Это присаживание затянулось больше, чем на сезон, и, чувствуя себя громоздким БДТшником в окружении молодых и лёгких рижан, я понял, что время и место не писать, а играть Кина были не моими...
Когда позвали на юбилей БДТ и посадили в хорошем ряду, до меня дошёл смысл заданного Диной вопроса: давно ли я видел Гогу.
На неуверенных ногах он вышел из левой кулисы, и почти сразу взялся за приготовленный для него пюпитр. Сделать эти несколько шагов стоило Гоге серьёзных усилий, и он был полностью сосредоточен на первичных физических действиях.
Опираясь на крепкую деревяшку, он стал зачитывать приготовленные кем-то слова, абсолютно пресные и обязательные лишь в рамках официоза. Читал он безынтонационно и незаинтересованно, погружённый не в текст и смысл, а в то, чтобы справиться с трудной задачей.
Закончив, Гога, не реагируя на аплодисменты, пошёл назад, и это его прятанье за кулисы было третьей, не менее трудной частью ошеломившего меня выхода.

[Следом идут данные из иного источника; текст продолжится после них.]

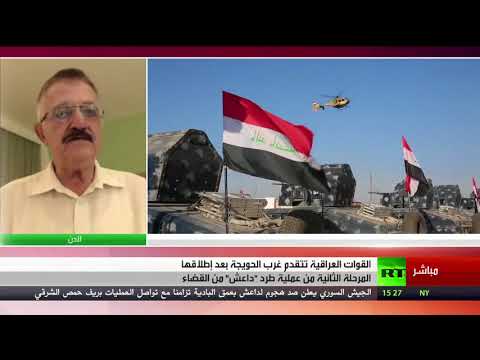 مظاهرات ضد اجتماع وزاري لمجموعة السبع في إيطاليا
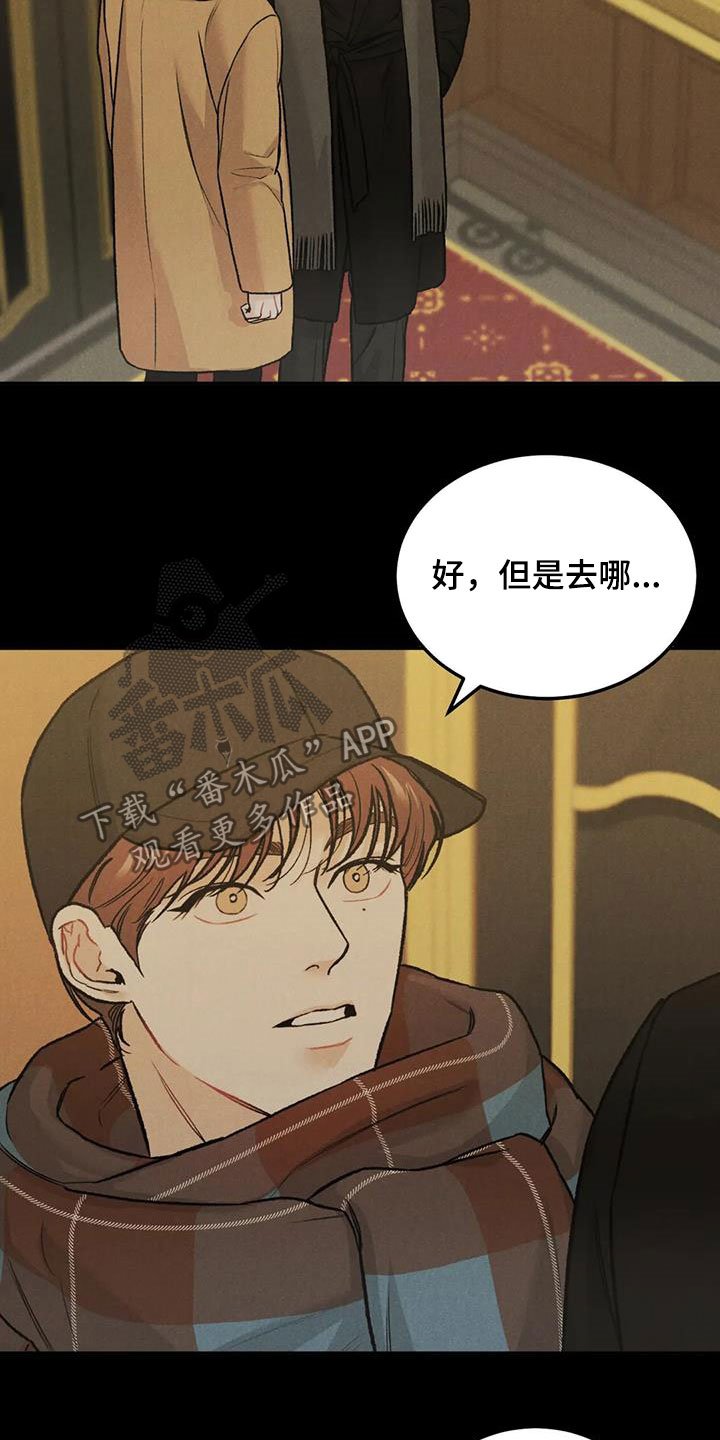 第41章：闲人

На него было больно смотреть, потому что Гога не походил на себя, и в зале возникла гнетущая тревога…
Я пошёл за кулисы, чтобы поздравить актёров, и неожиданно наткнулся на Товстоногова, который вблизи ещё больше был не похож на себя прежнего.

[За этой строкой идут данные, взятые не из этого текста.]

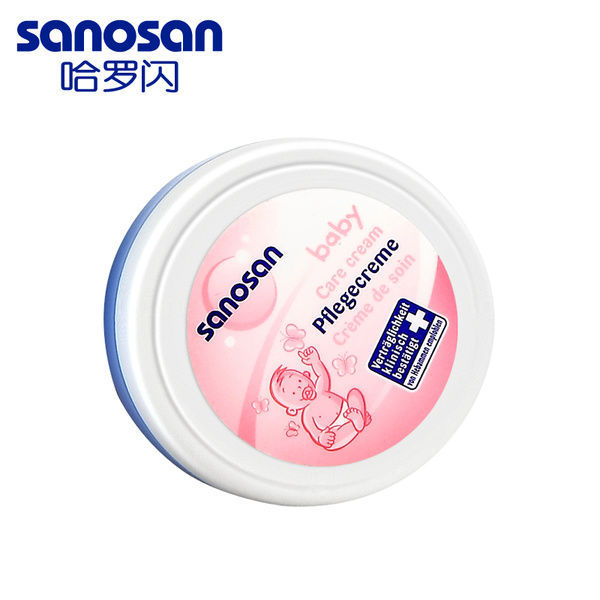 海淘购物攻略大全,海淘攻略完全版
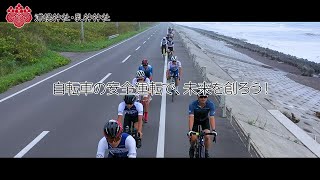 【 北海道 サイクリング （自転車安全運転推進動画） 浦幌 神社 乳神 神社 】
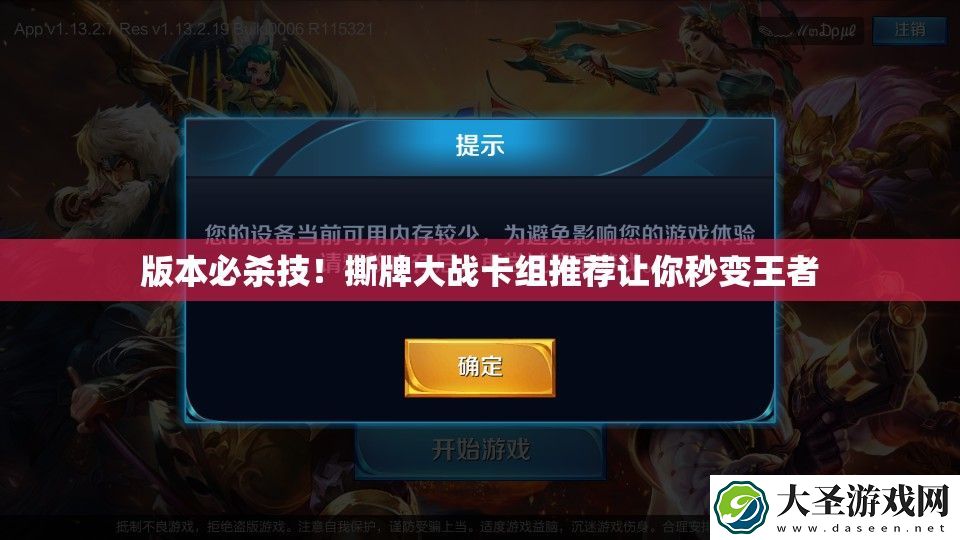 版本必杀技！撕牌大战卡组推荐让你秒变王者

— Здравствуйте, Георгий Александрович, — сказал я.
— Здравствуйте, Володя, — сказал Гога и взглянул на меня глазами затравленного зверька, у которого нет сил убежать и скрыться из своего обречённого тела. Простейшие слова поздравления казались неуместнымии, и, всё-таки, их надо было сказать.
— Поздравляю вас, Георгий Александрович, — сказал я.
— И я вас, — сказал Гога.
И это было всё до самых похорон.
Умер Сергей Юрский. Его смерть я принял, как катастрофу.

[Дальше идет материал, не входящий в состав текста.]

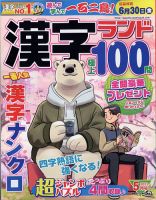 漢字ランド 2023年5月号 表紙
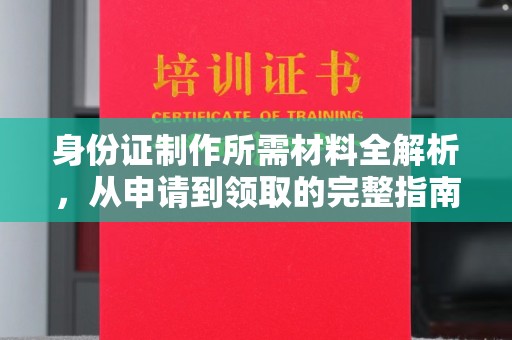 庄浪身份证制作所需材料全解析，从申请到领取的完整指南
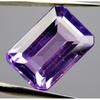 Purple Amethyst CERTIFIED 9.90 Ct Natural Emerald Cut Loose Gemstone CERTIFIED A-4314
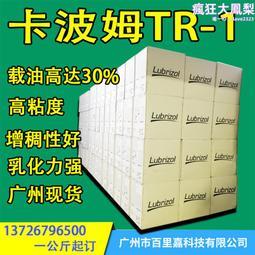 波姆熊2023秋冬季新款兒童寶寶輕薄保暖羽絨馬甲馬夾男童時尚坎肩 歷史價格詳細信息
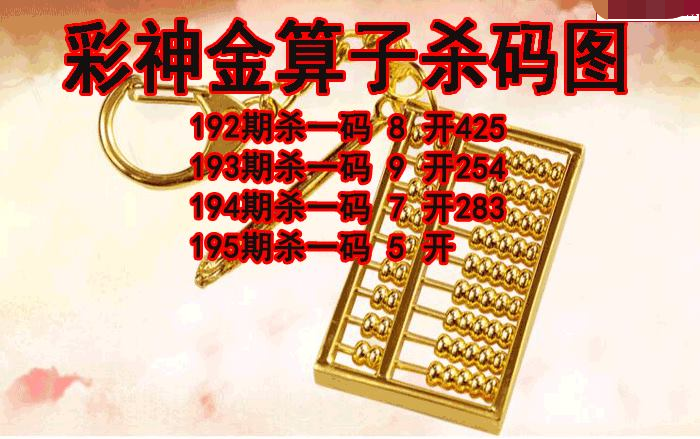彩神金算子杀码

Моё поведение при известии о смерти стало недопустимым. Просто я сделать с собой ничего не могу. Если раньше я говорил «не может быть», но держал себя в руках, то сейчас напоролся на то, что несдержанность оказалось неожиданной и непозволительной для меня самого.
Звонила корреспондентка, наверное, молодая, и, убедившись, что говорит со мной, назвала издание и сказала о Серёжиной смерти. Моё «не может быть» вышло криком и повторялось несколько раз, пока я мотался по комнатам с трубкой в руке, как будто крик мог превратить известие в ошибку. Я замолчал, чувствуя стыд. Этого не должно было быть, и это случилось. Звонившая думала, что я что-нибудь скажу для неё, но я говорить отказался. Через пять минут позвонила другая, и я снова отказался, жёстко, без извинений, как будто она должна была понять то, чего ещё не понимал я сам.
Стремясь, как всегда, определить существо, свою статью к моему юбилею Юрский назвал «Упрямец Володя». Если бы он не ушёл, моя зеркальная попытка была бы названа «Умница Серёжа». Теперь название должно было измениться. «Последний умница»…
Мы были ровесниками… Были…
Я не знал, насколько близок мне этот человек, с которым теперь не встретиться, не связаться по телефону. Его присутствие было свойством всех этих лет, и мне оставалось лишь следить за тем, как изменяется его облик. «Когда человек умирает, изменяются его портреты», — открыла нам Ахматова...
Он умер восьмого февраля девятнадцатого года, и всё прошлое стало приходить в движение. Четырнадцатого звонил Борис Лёскин, чтобы поздравить с днём рождения и спросить, как дела; я сказал, что работаю, и спросил, знает ли он о Серёже. Борис сказал, что за два или три дня до смерти он говорил с Юрским, и тот вдруг закричал, что не хочет больше ничего играть. «Кричал?» — переспросил я. — «Да». И крик, и нежелание играть были совсем не похожи на Юрского. Потом Лёскин дозвонился до Наташи, и она сказала, что в четыре часа ночи Сергей встал, вышел в другую комнату и оттуда крикнул её по имени, а когда она вошла за ним, он был мёртв.